A statement from U.S. Central Command, which oversees the U.S. occupation of Iraq, said 397 suspects and “numerous weapons systems and ammunition” had been seized since Operation Peninsula Strike began early Monday.

The operation on a peninsula of the Tigris River northeast of the city of Balad appeared to signal a determined effort by the U.S. military to stamp out attacks by suspected Saddam loyalists that have undermined reconstruction efforts and claimed the lives of 11 U.S. soldiers in Iraq in the past two weeks.

The latest attack occurred on Tuesday when two assailants fired rocket-propelled grenades at paratroopers from the 82nd Airborne Division manning a weapons collection point in southwest Baghdad.
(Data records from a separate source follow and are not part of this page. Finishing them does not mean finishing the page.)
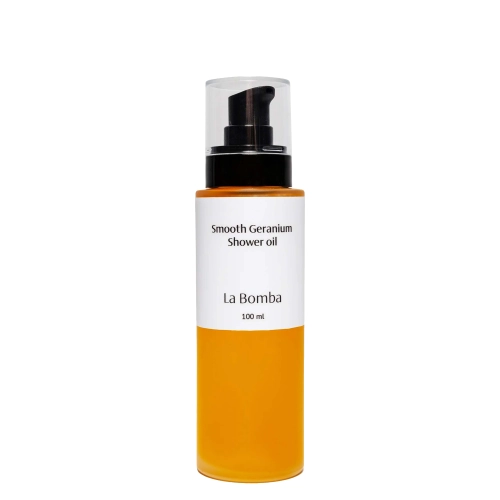 La Bomba - Smooth Geranium Shower Oil - Olej do koupele - Smooth Geranium - 100 ml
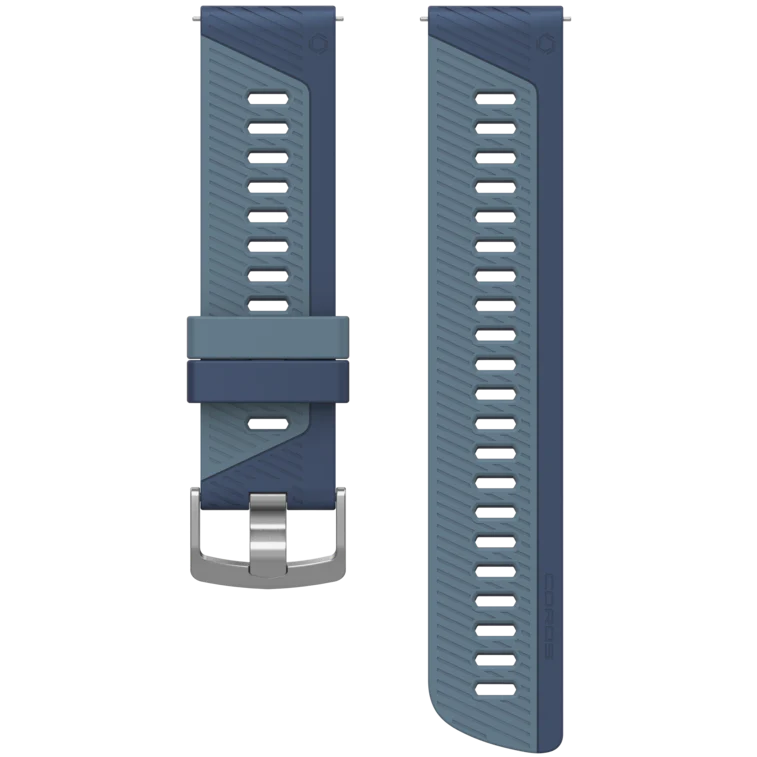 CZhkg 22mm Cinturini per Orologi per Polar Grit X/Vantage M/Vantage M2 Strap, Cintura Silicone Bracelet Cinturino Strap Wristband Armband per Coros Vertix /Apex 46mm/Apex Pro (Nero Blu CZhkg 22mm Cinturini per Orologi per Polar Grit X/Vantage M/Vantage M2 Strap, Cintura Silicone Bracelet Cinturino Strap Wristband Armband per Coros Vertix /Apex 46mm/Apex Pro (Nero Blu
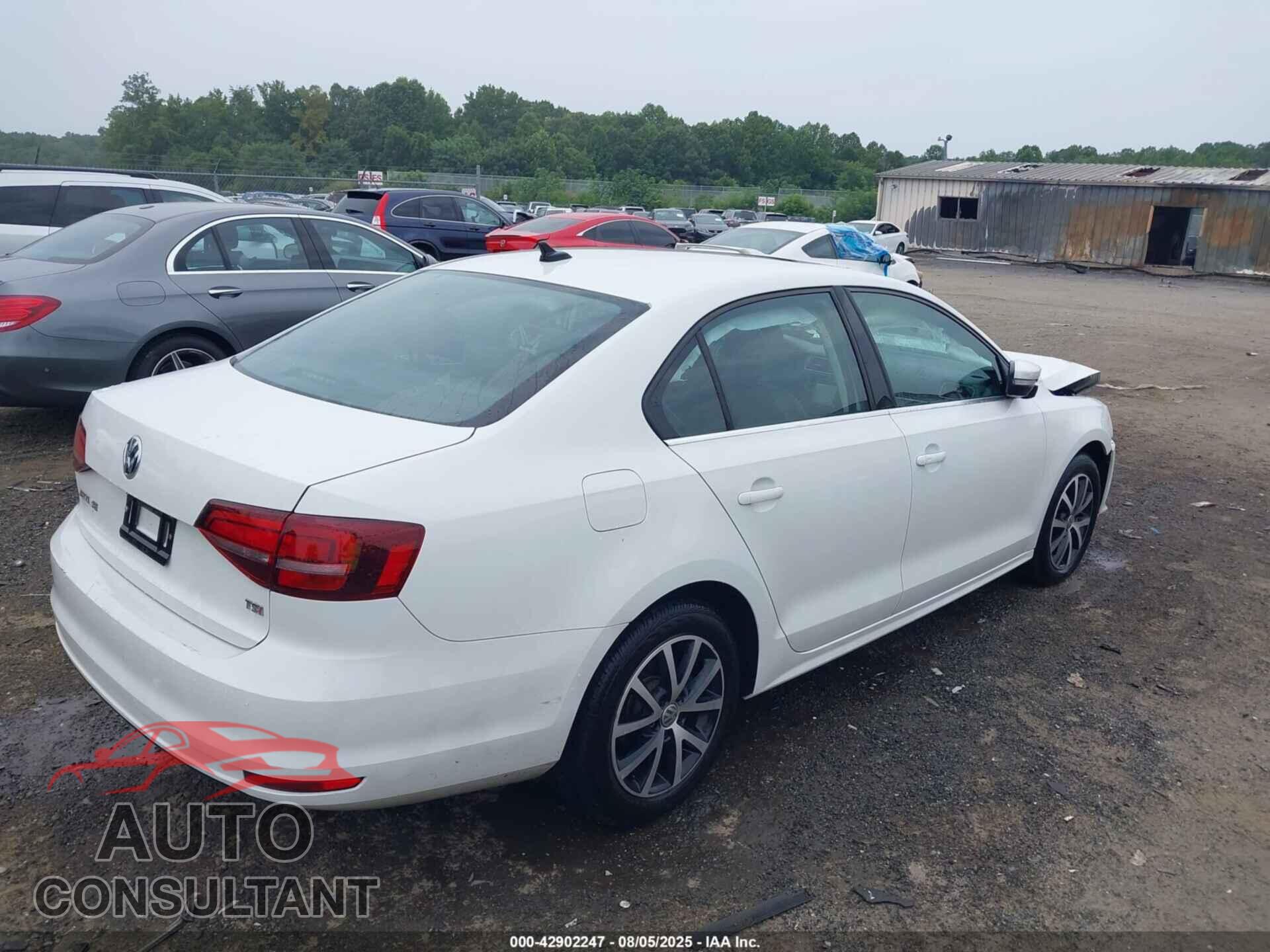 VOLKSWAGEN JETTA 2017 - 3VWDB7AJ2HM222041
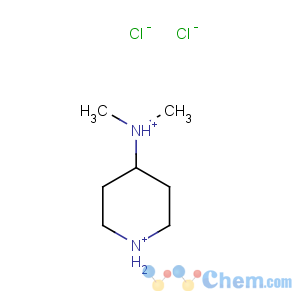CAS No:4876-59-9 4-Piperidinamine,N,N-dimethyl-, hydrochloride (1:2)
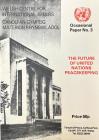 WCIA Occasional Paper No. 3 - The Future of...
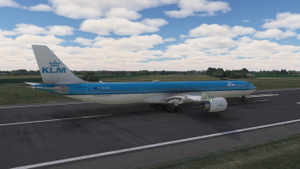 Aerosoft A340-600 Pro | KLM (Classic Livery) | Fictional | Requested thumbnail 4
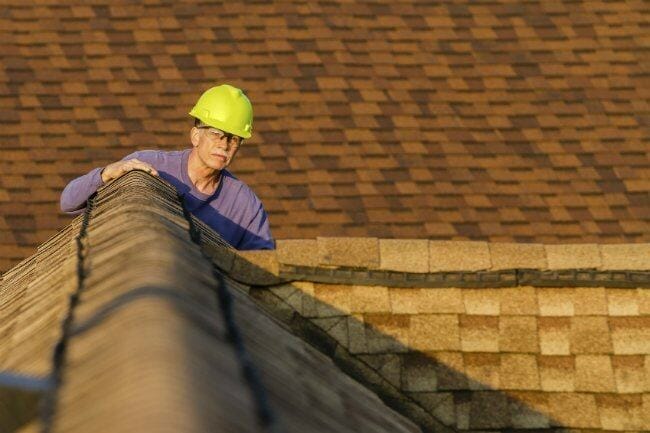 Professional roof replacement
Central Command said one paratrooper was killed and a second was in critical condition.

Central Command said Operation Peninsula Strike was aimed at “eradicating Baath Party loyalists, paramilitary groups and other subversive elements.”

Because the operation was continuing, Central Command withheld the number of U.S. troops and Iraqi police involved, the name of the peninsula where the operation was taking place and the U.S. units involved.